• Source data
★ ★ ★ ★

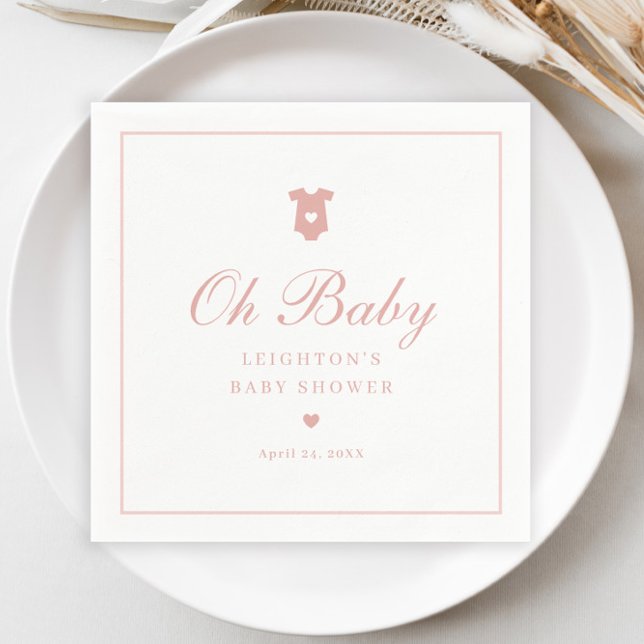 Elegant Rosa Skrift Baby Shower  Pappersservett (Elegant Pink Oh Baby Script Girls Baby Shower Napkins.)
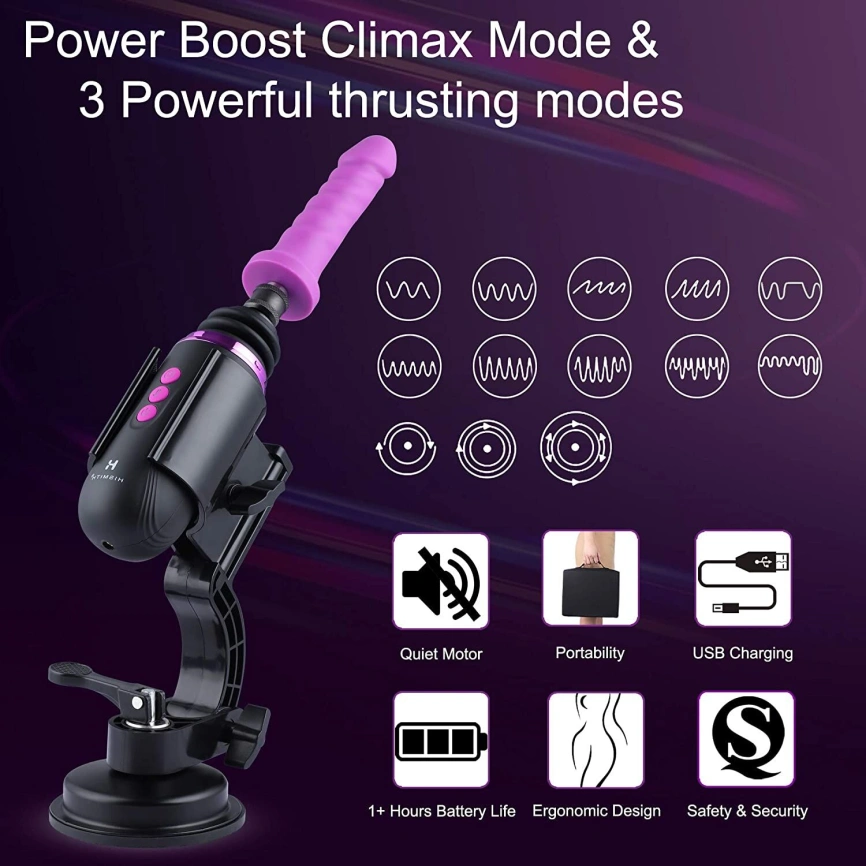 Мини секс-машина Hismith Mini Capsule Sex-Machine with Strong Suction Cup, мощная, перезаряжаемая фото 3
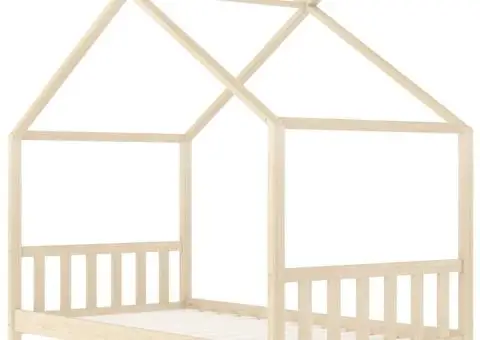 Cadru de pat pentru copii, 70 x 140 cm, lemn masiv de pin - 3/5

★ ★ ★ ★

• What needs to be done
A faithful copy is needed: reproduce all of the data above, leaving the pictures out.

• The completed task
 Elegant Rosa Skrift Baby Shower  Pappersservett (Elegant Pink Oh Baby Script Girls Baby Shower Napkins.)
 Мини секс-машина Hismith Mini Capsule Sex-Machine with Strong Suction Cup, мощная, перезаряжаемая фото 3
 Cadru de pat pentru copii, 70 x 140 cm, lemn masiv de pin - 3/5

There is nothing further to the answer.